-- Opening Marker --
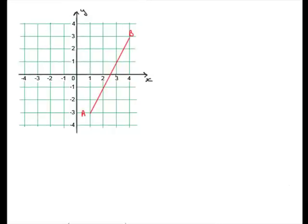Welcome to this tutorial on finding the gradient of a straight line. Gradient is a measure of how much you increase or decrease the y value for every one unit you increase x.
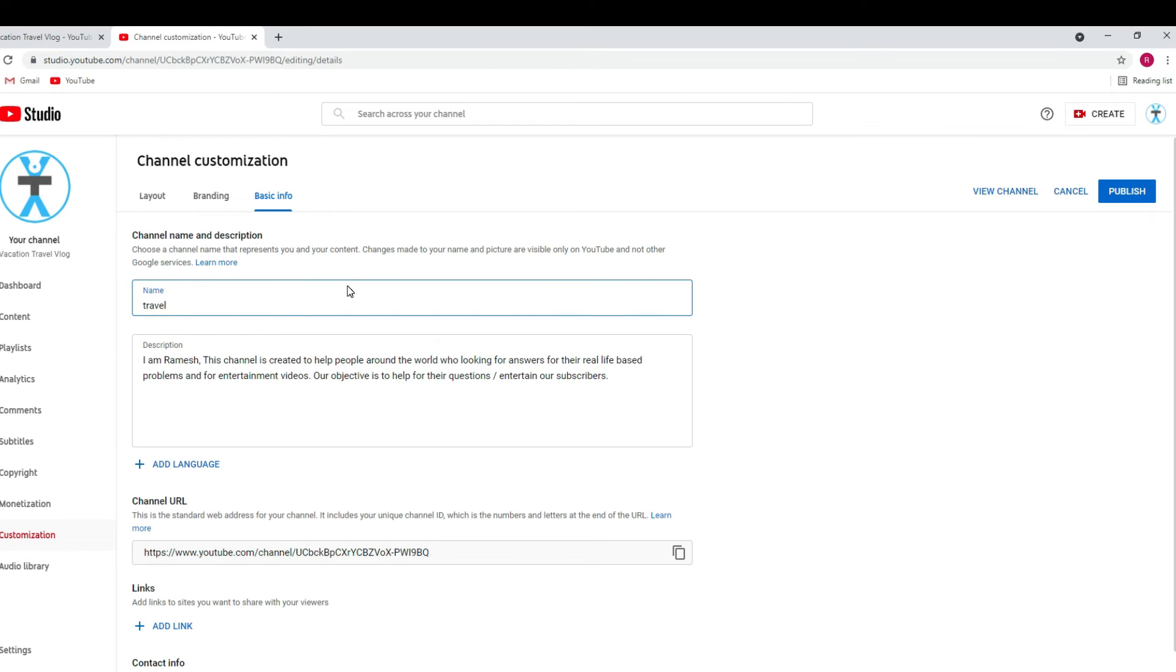Please note it will take a few days to appear in the search result with the new name on YouTube searches. Okay guys, this is how we can change our YouTube channel with two to three clicks easily.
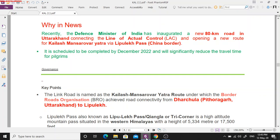We have already discussed the Kailash Mansarovar Highway in a previous video — what Kailash and Mansarovar are, where they are located, and what different routes are available to reach the Kailash Mansarovar Yatra. Now we will discuss what the Kailash Mansarovar Highway is. This is Part 2, so please watch Part 1 first.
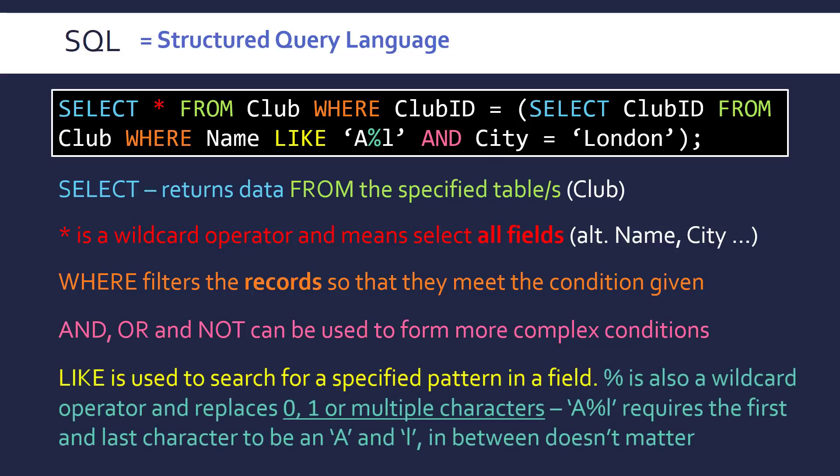So like is another keyword that's there to kind of increase your searching capabilities. And it's there to look for a specified pattern in a field. I.e. some data in the record that corresponds to the field. So here the percent sign is also a wildcard operator. These are just special operators that like I say are there to replace some other data that we don't know about yet.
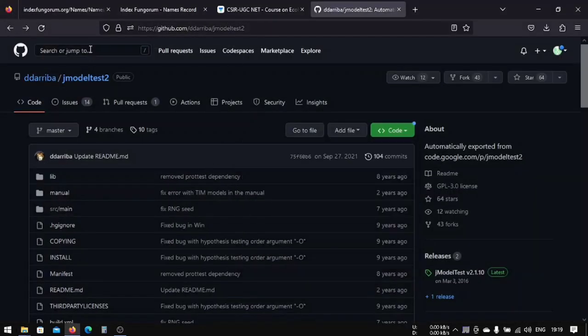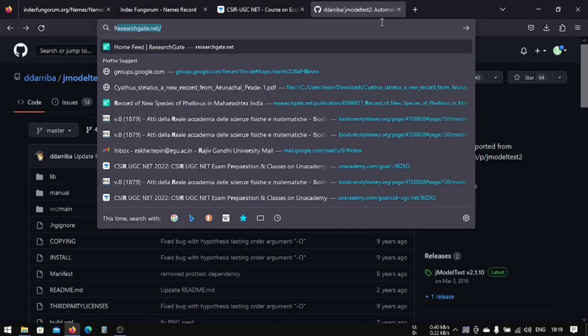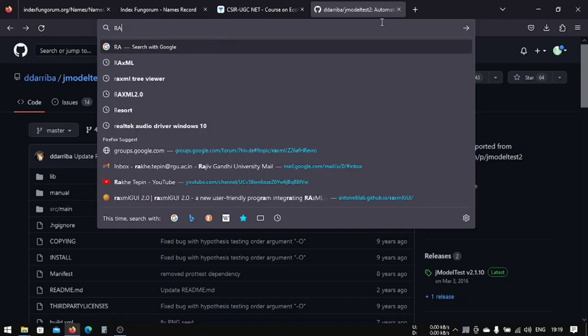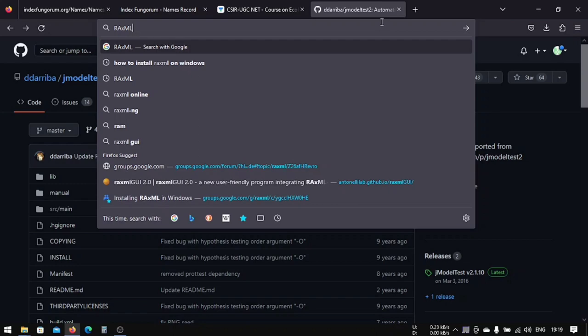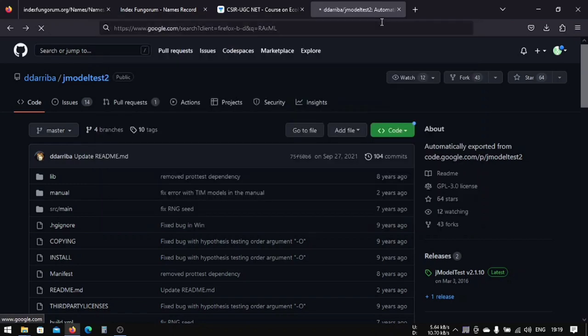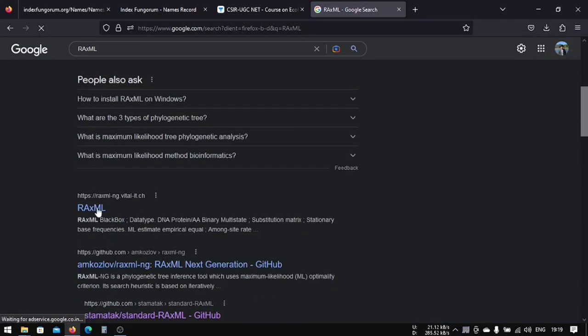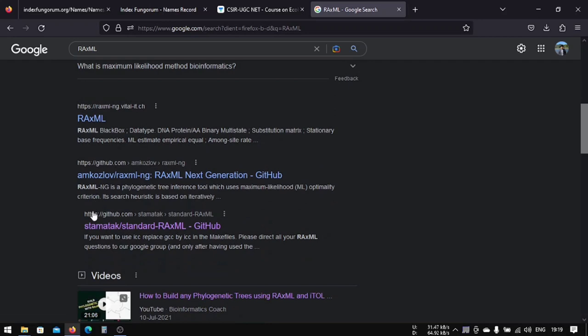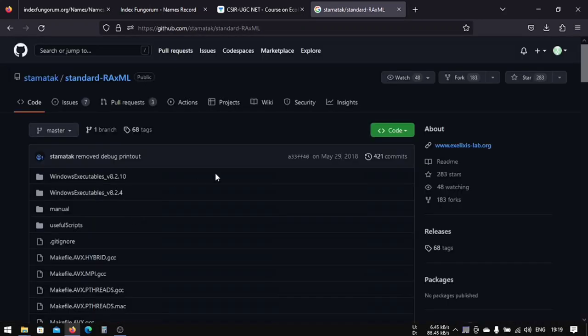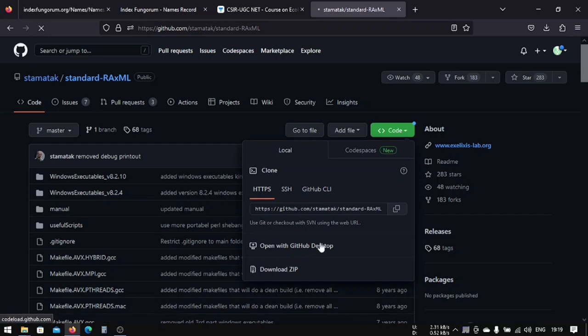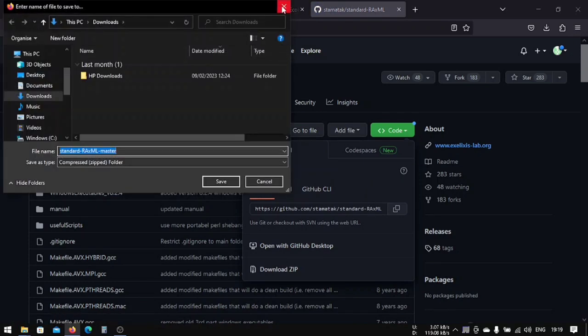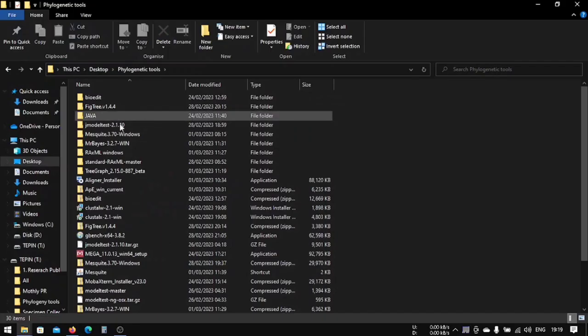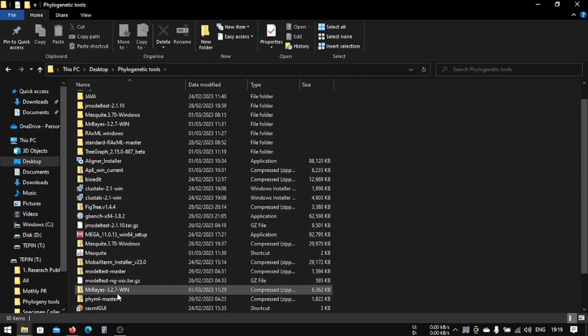For that, you have to download another file, that is RAxML. You can download this from this GitHub. Save this code and download zip. I have already downloaded it, so this is the file that after downloading we will get.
-- Closing Marker --
= Problem to work on =
Above are the records. Copy only the lines from the one with "Please note it" through the one with "We have already", exactly, with no pictures.

= Exercise answer =
Please note it will take a few days to appear in the search result with the new name on YouTube searches. Okay guys, this is how we can change our YouTube channel with two to three clicks easily.
We have already discussed the Kailash Mansarovar Highway in a previous video — what Kailash and Mansarovar are, where they are located, and what different routes are available to reach the Kailash Mansarovar Yatra. Now we will discuss what the Kailash Mansarovar Highway is. This is Part 2, so please watch Part 1 first.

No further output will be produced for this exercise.